How'd it feel returning to the game again?

Very odd. I've not played it about two years. Obviously after you've finished a game you really, really don't play it any more, you go off and do other things because who wants to play their own game?! But going back to this and working on it, yeah it was interesting. It was quite fun to go back with enough time having passed to actually enjoy it again, and actually go "wow, I can see what I was doing here, this actually works".

How involved with the port were you?

So I didn't code the port, what I did was, I kind of worked as a designer on it, and provided lots and lots of very boring bullet point lists of things I wanted to fiddle with and change, and we worked together to pull it out. I also redid some new graphical design stuff for it, to make the interface work on the iPad, that kind of thing. So I was pretty involved. I was involved as I could be without being in the code basically, and I had lots of opinions.

What's the iteration process with the touch-screen input?

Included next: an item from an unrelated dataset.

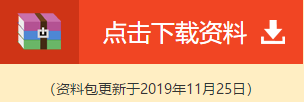 下个月放假13天！除了抢票注会干货必须先屯好！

So really it's just a case of getting something working, and I mean that just on a technical level: can I press the screen and stuff happens?! That's kind of step one, and after that it really is just finesse. It's just playing that and saying "should we move that button two millimetres to the left so the player's thumb feels a bit more comfortable?" or "should we move that to the side?"

Things like the character selection: [do] we have on a bar at the bottom of the screen or the top of the screen like on the Vita and PC versions? [We] very quickly realised that you had to move, literally, take your hand off the iPad and reach around in order to press the button, which is obviously not a very comfortable way to play a game. So things like that, kind of slowly but surely just bringing that experience out and making inputs work in the player's favour and not against them.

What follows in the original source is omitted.